Sickness Unto Death Part VIII: No One Dies From the Lack of Health Care? ~ By John MacWillie, Ph.D.

Murphys, CA...On May 7, 2017, Congressman Raul Labrador (R-ID) spoke at a town hall meeting with his constituents. He exemplifies the chutzpah of many in Congress: "No one dies because they don't have access to health care". Then there is the case of Chris Collins (R-NY). Just after the House of Representatives voted to "repeal" Obamacare and potentially cause tens of millions of Americans to lose their healthcare coverage, Collins was interviewed by CNN's Wolf Blitzer. Collins, who voted to "repeal", acknowledged he never read the bill upon which he voted. It brings to mind Aldous Huxley's dictum, "Facts do not cease to exist because they are ignored." (1926).

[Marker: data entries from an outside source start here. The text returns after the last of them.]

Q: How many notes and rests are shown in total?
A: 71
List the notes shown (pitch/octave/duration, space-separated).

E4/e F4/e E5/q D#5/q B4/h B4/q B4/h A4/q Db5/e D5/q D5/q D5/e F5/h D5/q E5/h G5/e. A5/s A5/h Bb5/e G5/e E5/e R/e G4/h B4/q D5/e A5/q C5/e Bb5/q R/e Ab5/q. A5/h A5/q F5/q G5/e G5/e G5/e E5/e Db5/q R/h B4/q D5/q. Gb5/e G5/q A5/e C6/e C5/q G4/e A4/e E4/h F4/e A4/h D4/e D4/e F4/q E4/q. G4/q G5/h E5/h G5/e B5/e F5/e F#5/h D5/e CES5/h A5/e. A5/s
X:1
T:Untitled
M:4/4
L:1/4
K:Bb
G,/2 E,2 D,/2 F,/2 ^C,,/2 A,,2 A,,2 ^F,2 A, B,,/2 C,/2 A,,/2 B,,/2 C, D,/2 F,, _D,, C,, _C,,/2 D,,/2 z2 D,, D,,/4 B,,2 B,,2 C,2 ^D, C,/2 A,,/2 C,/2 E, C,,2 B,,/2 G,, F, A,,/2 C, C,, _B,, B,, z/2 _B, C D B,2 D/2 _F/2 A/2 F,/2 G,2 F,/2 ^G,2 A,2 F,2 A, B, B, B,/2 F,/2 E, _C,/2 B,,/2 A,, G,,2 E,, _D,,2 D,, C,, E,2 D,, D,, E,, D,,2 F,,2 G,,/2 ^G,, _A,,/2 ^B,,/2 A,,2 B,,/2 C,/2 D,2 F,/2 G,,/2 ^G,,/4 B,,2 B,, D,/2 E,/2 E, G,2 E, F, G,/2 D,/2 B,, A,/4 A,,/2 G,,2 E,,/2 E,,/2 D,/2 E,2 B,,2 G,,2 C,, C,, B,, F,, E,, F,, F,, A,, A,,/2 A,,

This is a series of eight articles on a single theme to be released once a week.  Copyright license granted under  



Over the past seven weeks, this series has offered an overview of the state of healthcare in America. In this last article, I summarize some of the key observations from this series and a few of the more important implications:
  • We all want good healthcare.
    • We are all fragile organisms that are going to die, but we are self-conscious organisms that want to live.
    • There are thousands upon thousands of pathogens that can kill us, millions of possible genetic mutations that can do us grave harm, and even more accidents that could do either.
    • Good healthcare gives us the substantial possibility of improving our odds of living longer.
  • Access to quality healthcare is critical.
    • Emergency rooms and doctor's offices have more than 200 million visits a year.
    • There are 900,000 beds in hospitals for individuals that need more than an emergency room.
    • More than 38 percent of Americans will be diagnosed with cancer sometime in their lifetime. (National Cancer Institute).
    • Cardiovascular disease kills 800,000 persons a year and another 92 million are at risk or are recovering from a stroke. (American Heart Association).
  • Healthcare is crucial to our economy.
    • Healthcare is the largest sector of our economy and accounts for 19% of our Gross Domestic Product.
    • It generates nearly twice as much revenue ($4.6 trillion) as all manufacturing ($2.4 trillion).
    • More than 12 million Americans are employed in healthcare, or 10% of the entire U.S. workforce.
  • Healthcare delivery is complicated.
    • There are 900,000 doctors and surgeons organized into nearly 230,000 practices. Increasingly doctors are joining hospital (e.g., Stanford) or not-for-profit practices (e.g., Sutter). The complexities of multiple insurance and payment systems, regulatory reporting, and increasing specialization and technology, doctors are finding it advantageous to "go corporate".
    • There are 5,500 hospitals in the U.S. and over half belong to a health system network. For example, Dignity Health runs 39 hospitals, while Adventist Health operates 20 hospitals. Moreover, the number of independent hospitals is declining dramatically as the result of merger, acquisitions, and bankruptcies.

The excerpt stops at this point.